記憶黙殺

 ストラは再三、自分の名前がストラであることを伝えていたが、その主張に耳をかたむけてくれる人間はまるでいなかった。
 「おかあさん」はストラの話をひととおり聞いてはくれたが、「そうなのね」以上のことはいわず、彼のことを遠也とおやと呼びつづけた。「おとうさん」は、そもそもストラの話を聞こうとはしない。ストラが話そうとすると、きまってそれを遮り、よくわからないお説教をはじめてしまう。また、家の外を歩いている人たちは、ストラが話しかけると笑顔にはなるものの、やはり話の中身には興味がないようで、すぐに「おかあさん」と別の話をはじめてしまった。
 唯一、「おにいちゃん」だけは、ストラの話を真剣に聞いてくれていた。「おにいちゃん」はストラの名前の話を興味深そうに聞き、それから、ある耳よりな情報を教えてくれた。
「でも、おまえは遠也だよ。母さん、おまえのことは生まれる前から『遠也』って名前にするって決めていたんだぜ。だからきっと、その別の名前があだ名なんだよ。遠也が俺のこと『おにいちゃん』って呼んでいるみたいにさ」
 そう、「おにいちゃん」というのは名前ではなかった。彼は本当は「はるか」といって、ストラ以外の人物はみな、その名で彼を識別していた。どうやら、この「おにいちゃん」という称号はストラから彼を呼ぶときのみ適用される呼称らしい。
 要するに、ひとりの人物の名前がひとつとは限らないのだ。ようやくストラは納得した。それなら、自分が本名で呼ばれないことも理解できる。だからストラは名前の件については何もいわなくなった。どうせ、ここには長くいない。いずれ自分は虹の国への帰り道を見つけて、この場所を去るのだ。それまでは、なんと呼ばれようと気にすることはない。

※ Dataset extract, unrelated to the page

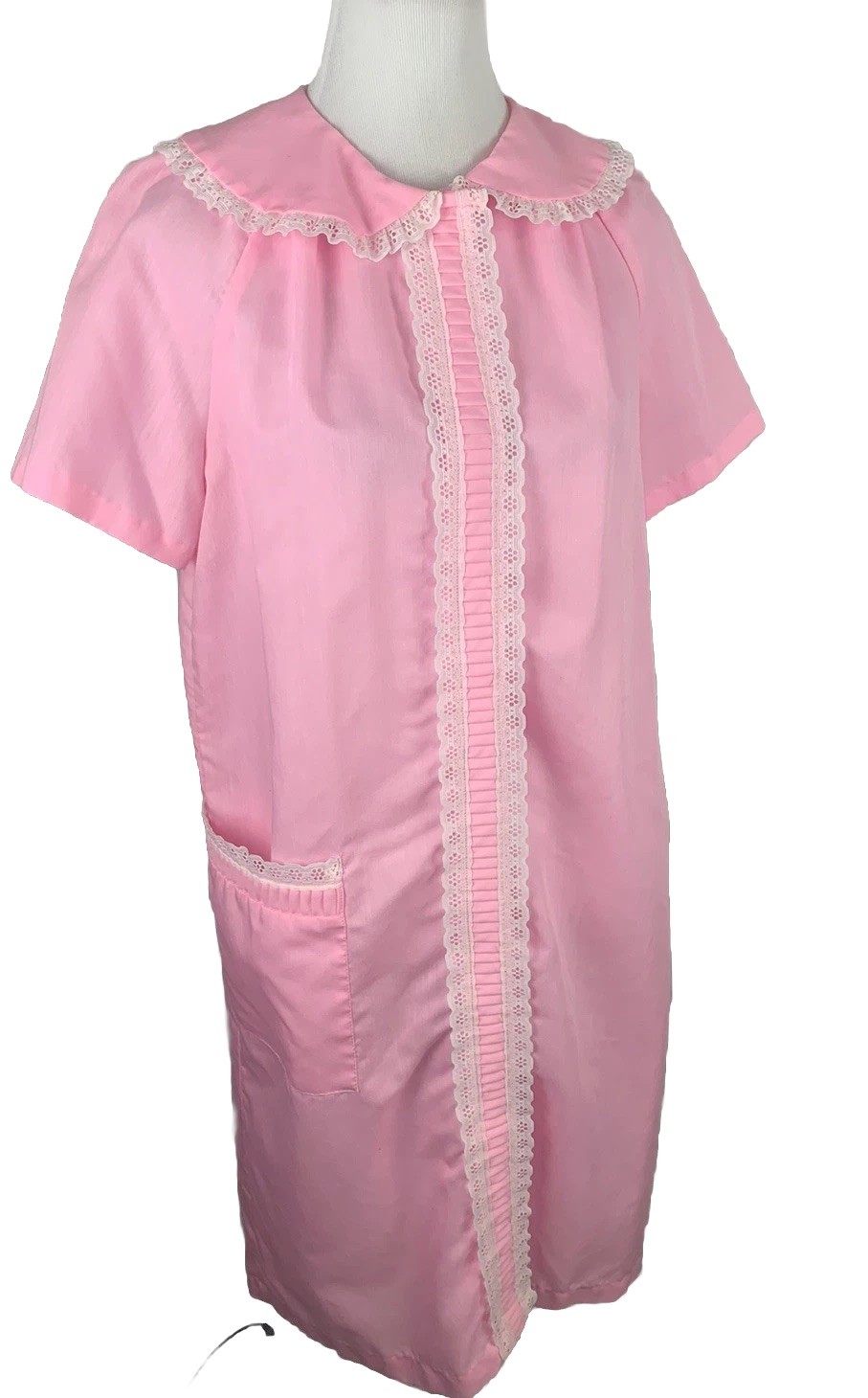 Vintage Dan-Ellen Pink House Coat Snaps Sz Medium Lace Trim EXCELLENT CONDITION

 ある日、ストラは一度だけ、「こうえん」と称される広場に連れていかれた。そこにはストラと同じ背丈の子供が大勢いて、奇声をあげながら元気に走りまわっていた。ストラはこの子供たちから「虹の国」の情報を得ようと考え、必死に話しかけてみたのだが、誰もかれも、ストラが話しはじめるやいなや、首をかしげてどこかへ行ってしまった。ストラからすれば、自分に関心をむけてくれない人間などどうでもよかったのだが、その様子をみていた「おかあさん」はたいそう心配して、すぐにストラをその場から連れだしてしまった。
「かわいそうに。今までずっとひとりだったから、友達のつくりかたがわからないのね」
 「おかあさん」はいつもこういって、ストラを抱きしめてくれた。でも、ストラにはその言葉と行動の意味がさっぱりわからなかった。


 「こうえん」での経験のおかげで、ストラは、家の外にいる人間、つまり他人に「虹の国」を理解させることは難しいのだと学習した。そこで、家の中にいる「おかあさん」に対して、延々と虹の国の話をするようになった。「おかあさん」は、はじめは笑顔で聞いてくれていた。が、何日かたつと、だんだんその話を嫌がるようになった。
「遠也。もう、その話はやめましょう」
「でもぼく、帰らなくちゃいけないんだよ」
「やめて。お空に帰るだなんて、縁起でもない。そうだわ、ちょうど今日届いたDVDがあるの。一緒に観ましょう」
 ストラは悲しかった。「おかあさん」までもが、自分の話を聞いてくれなくなってしまった。自分が虹の国へ帰るためには、協力者が不可欠なのに。
 こうして、ストラの存在を知っている、、、、、のは「おにいちゃん」こと、はるかだけになってしまった。ストラははるかに、自分が覚えていることすべてを話した。クレヨンで絵を描き、アンジュや女王様についても説明した。はるかはいつも、それをまじめな顔で聞いてくれた。
 ストラは、はるかのことを信用していた。何があっても、彼だけはストラの味方でいてくれるだろう。いつか、無事に帰れる日がきたら、彼のことを虹の国へ招待してあげよう。それから、アンジュや女王様のことも紹介しよう。きっと彼は、驚くだろう──虹の国の狭さや、植物の美しさや、女王様の無機質さに。そしてストラは彼を、背の高い黒門や、光り輝く女王の城や、小さなため池に案内してあげるのだ。そうすれば、はるかはかならず、ストラのことをみなおすだろう。けして何も知らないだけの子供ではないことに気がつくだろう。そして、一目おいてくれるに違いない。
 ストラはいつも、その日が楽しみでならなかった。